Lena mempertanyakan sampai kapan pihak PDAM Tirta Mulia Karimun mensuplai air bersih ke rumahnya maupun ke rumah tetangganya yang lain.
“Kira-kira sampai kapan air PDAM baru bisa mengalir,” ungkapnya.
Direktur PDAM Tirta Mulia Karimun, Herry Budhiarto menjelaskan, ada beberapa penyebab putusnya suplai air ke rumah-rumah pelanggan di wilayah Pulau Karimun Besar.
Penyebab pertama, seminggu yang lalu ada pemeliharaan reservoir IPA Sentani.

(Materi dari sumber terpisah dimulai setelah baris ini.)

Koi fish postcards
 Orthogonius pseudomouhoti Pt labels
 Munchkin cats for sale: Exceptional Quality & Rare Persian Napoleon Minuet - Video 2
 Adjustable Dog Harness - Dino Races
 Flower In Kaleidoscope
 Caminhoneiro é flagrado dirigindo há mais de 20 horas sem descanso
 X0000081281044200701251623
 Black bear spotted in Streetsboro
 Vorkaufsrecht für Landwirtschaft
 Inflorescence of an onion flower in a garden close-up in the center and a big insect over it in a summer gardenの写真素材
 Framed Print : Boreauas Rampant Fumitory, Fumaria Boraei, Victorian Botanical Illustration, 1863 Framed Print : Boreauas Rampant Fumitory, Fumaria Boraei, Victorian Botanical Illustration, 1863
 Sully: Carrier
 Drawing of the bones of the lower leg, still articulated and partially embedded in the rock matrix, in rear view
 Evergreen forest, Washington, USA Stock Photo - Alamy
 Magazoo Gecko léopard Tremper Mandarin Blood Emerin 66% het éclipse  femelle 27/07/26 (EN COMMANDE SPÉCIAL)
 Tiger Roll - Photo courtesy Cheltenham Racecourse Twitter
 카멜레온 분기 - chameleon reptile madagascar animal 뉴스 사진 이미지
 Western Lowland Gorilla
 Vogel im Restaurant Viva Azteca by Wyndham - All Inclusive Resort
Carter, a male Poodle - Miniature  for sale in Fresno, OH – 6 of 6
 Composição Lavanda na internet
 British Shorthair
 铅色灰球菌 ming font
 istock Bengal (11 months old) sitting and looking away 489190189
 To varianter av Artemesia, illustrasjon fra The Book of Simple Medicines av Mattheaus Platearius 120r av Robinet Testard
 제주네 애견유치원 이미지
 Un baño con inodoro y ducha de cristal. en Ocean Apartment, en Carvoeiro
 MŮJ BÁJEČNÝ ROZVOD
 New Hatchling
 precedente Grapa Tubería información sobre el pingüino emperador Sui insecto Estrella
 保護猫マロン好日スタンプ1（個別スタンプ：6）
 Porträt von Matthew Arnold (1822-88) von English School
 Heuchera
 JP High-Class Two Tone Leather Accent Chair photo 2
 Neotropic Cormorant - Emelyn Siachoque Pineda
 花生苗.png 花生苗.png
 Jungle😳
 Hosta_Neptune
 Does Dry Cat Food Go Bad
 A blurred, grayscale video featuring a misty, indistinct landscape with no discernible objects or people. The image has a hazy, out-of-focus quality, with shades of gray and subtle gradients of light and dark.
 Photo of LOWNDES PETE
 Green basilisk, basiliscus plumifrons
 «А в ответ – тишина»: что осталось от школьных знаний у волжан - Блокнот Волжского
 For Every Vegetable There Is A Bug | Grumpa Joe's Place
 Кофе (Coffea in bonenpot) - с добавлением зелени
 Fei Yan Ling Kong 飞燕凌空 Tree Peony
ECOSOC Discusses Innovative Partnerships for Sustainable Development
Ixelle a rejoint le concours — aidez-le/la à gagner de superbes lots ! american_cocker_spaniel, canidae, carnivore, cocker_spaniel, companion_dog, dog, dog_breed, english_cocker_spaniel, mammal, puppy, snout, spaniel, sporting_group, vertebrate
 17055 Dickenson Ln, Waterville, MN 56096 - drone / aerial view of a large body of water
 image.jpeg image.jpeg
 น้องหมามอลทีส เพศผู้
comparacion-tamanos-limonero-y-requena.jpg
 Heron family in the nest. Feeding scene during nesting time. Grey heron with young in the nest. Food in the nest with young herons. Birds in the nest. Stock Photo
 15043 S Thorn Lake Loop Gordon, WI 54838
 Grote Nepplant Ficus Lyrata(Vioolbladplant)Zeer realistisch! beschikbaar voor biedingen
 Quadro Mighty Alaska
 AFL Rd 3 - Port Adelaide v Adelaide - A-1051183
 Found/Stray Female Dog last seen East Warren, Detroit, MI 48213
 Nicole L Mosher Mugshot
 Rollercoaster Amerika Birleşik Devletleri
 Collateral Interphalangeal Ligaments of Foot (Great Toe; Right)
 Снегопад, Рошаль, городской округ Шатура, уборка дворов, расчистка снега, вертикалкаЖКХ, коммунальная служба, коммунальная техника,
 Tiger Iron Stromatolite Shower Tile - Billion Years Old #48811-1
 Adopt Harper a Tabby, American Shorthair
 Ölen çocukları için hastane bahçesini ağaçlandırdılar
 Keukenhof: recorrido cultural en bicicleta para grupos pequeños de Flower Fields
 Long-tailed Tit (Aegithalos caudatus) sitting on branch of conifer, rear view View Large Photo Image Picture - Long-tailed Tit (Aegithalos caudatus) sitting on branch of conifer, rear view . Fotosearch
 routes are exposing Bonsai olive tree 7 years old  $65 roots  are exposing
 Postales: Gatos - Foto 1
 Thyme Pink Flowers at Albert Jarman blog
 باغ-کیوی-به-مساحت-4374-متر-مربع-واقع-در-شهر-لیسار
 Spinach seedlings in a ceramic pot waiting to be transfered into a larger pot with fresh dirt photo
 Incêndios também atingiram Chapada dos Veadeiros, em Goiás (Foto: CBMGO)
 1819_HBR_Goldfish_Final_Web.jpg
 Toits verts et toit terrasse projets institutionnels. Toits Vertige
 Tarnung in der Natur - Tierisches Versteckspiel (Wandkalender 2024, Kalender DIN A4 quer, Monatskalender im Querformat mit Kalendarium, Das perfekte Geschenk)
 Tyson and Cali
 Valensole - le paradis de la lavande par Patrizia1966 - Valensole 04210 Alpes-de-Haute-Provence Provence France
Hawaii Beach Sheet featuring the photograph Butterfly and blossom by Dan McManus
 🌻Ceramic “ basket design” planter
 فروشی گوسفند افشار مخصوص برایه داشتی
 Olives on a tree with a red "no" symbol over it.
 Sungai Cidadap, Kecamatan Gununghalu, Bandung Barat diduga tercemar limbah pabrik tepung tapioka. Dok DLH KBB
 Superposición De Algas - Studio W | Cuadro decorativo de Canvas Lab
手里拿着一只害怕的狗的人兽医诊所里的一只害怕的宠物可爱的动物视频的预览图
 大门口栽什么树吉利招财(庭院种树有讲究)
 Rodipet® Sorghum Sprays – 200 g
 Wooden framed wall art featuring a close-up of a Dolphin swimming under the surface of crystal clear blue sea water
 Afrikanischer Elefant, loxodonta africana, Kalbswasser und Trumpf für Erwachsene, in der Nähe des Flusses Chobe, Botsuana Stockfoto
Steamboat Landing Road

“Setelah selesai, disusul lagi perbaikan bocor pipa di depan Masjid Ibadurrahman,” ujar Herry.
Kemudian, muncul lagi kebocoran pipa di Baran akibat galian kabel Telkomsel.
“Alhamdulillah, perbaikan sudah rampung dan air sudah mengalir kembali,” jelasnya.
Kendati begitu, memang ada sebagian air belum mengalir secara merata.
“Air sudah ada yang mengalir meski belum deras, karena proses pemadatan air dalam pipa,” terang Herry.
Hanya saja, hingga saat ini air ke beberapa rumah pelanggan di depan Gang Awang Noor, Baran Barat masih belum mengalir, salah satunya ke rumah Lena Tan.
“Sampai sekarang air masih belum mengalir,” ujar Lena.